[[ RECORDS SUPPLIED open ]]

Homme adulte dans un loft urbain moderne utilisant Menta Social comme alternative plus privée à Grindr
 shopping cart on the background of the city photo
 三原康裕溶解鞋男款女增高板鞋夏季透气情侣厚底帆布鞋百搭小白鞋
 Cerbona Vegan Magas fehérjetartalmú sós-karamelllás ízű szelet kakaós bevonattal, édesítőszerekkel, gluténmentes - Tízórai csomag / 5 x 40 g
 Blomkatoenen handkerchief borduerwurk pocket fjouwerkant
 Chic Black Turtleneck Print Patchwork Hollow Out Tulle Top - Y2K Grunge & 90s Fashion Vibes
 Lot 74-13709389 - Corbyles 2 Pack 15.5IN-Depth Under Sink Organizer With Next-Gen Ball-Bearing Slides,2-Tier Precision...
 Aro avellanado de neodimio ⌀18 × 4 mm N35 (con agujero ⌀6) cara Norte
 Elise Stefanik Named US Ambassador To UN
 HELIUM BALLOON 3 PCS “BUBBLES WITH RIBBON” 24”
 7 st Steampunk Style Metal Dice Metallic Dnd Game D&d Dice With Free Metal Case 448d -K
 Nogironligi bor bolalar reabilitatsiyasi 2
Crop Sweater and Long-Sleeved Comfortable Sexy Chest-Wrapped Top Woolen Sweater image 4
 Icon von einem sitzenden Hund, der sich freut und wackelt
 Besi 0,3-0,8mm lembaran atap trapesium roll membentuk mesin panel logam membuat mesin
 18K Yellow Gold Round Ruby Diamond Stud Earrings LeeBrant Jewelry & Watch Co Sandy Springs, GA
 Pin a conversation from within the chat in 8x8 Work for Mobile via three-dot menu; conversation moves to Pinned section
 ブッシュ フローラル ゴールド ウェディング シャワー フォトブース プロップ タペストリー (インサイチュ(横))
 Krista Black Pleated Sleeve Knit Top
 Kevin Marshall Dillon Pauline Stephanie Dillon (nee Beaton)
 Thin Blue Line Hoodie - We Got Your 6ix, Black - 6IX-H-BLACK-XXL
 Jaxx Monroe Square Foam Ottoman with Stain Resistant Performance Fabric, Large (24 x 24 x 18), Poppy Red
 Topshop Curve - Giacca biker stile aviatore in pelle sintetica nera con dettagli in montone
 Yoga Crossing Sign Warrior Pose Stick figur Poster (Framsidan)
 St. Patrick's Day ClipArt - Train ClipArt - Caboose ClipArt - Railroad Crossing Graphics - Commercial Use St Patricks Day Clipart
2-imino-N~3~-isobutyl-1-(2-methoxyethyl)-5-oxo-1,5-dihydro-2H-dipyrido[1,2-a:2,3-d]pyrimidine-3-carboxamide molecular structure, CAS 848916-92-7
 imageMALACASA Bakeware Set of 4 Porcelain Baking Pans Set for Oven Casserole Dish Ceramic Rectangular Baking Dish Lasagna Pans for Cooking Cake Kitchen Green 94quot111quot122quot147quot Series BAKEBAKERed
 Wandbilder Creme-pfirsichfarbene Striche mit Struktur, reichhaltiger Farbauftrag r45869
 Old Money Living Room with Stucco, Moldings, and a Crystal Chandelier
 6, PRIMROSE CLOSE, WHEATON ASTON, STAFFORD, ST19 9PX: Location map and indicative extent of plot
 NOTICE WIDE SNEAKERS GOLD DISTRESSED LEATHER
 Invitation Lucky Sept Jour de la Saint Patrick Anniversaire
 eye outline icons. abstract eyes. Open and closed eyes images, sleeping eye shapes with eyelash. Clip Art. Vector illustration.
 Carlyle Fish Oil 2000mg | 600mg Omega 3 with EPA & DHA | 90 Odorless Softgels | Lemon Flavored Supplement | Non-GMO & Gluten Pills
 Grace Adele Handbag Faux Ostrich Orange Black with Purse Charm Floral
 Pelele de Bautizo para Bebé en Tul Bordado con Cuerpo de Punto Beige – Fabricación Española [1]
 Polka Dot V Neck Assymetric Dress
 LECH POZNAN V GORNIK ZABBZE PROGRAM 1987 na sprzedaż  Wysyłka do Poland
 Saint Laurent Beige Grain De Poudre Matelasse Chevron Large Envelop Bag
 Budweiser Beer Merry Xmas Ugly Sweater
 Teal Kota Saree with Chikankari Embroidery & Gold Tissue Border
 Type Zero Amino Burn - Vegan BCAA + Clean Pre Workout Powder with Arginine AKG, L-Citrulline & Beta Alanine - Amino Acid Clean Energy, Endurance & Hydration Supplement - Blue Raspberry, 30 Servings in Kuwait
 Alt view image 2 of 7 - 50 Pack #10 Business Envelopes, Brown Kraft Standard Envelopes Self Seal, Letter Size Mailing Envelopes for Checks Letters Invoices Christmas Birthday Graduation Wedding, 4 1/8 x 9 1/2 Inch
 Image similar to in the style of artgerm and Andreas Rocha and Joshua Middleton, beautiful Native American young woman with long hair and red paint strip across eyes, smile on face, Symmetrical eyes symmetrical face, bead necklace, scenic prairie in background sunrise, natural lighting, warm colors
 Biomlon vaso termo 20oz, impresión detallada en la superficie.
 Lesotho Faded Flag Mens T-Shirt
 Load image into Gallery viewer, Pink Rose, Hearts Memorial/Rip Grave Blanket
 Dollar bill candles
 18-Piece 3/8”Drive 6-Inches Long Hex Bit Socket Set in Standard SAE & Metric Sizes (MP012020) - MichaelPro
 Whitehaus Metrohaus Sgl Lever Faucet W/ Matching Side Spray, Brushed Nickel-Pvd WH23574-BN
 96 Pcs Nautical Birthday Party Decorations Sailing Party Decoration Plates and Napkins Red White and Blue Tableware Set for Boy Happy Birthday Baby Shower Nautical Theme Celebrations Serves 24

[[ RECORDS SUPPLIED closed ]]

Your answer should be exactly the lines of the data above, from the first through the line containing "7 st Steampunk".

Homme adulte dans un loft urbain moderne utilisant Menta Social comme alternative plus privée à Grindr
 shopping cart on the background of the city photo
 三原康裕溶解鞋男款女增高板鞋夏季透气情侣厚底帆布鞋百搭小白鞋
 Cerbona Vegan Magas fehérjetartalmú sós-karamelllás ízű szelet kakaós bevonattal, édesítőszerekkel, gluténmentes - Tízórai csomag / 5 x 40 g
 Blomkatoenen handkerchief borduerwurk pocket fjouwerkant
 Chic Black Turtleneck Print Patchwork Hollow Out Tulle Top - Y2K Grunge & 90s Fashion Vibes
 Lot 74-13709389 - Corbyles 2 Pack 15.5IN-Depth Under Sink Organizer With Next-Gen Ball-Bearing Slides,2-Tier Precision...
 Aro avellanado de neodimio ⌀18 × 4 mm N35 (con agujero ⌀6) cara Norte
 Elise Stefanik Named US Ambassador To UN
 HELIUM BALLOON 3 PCS “BUBBLES WITH RIBBON” 24”
 7 st Steampunk Style Metal Dice Metallic Dnd Game D&d Dice With Free Metal Case 448d -K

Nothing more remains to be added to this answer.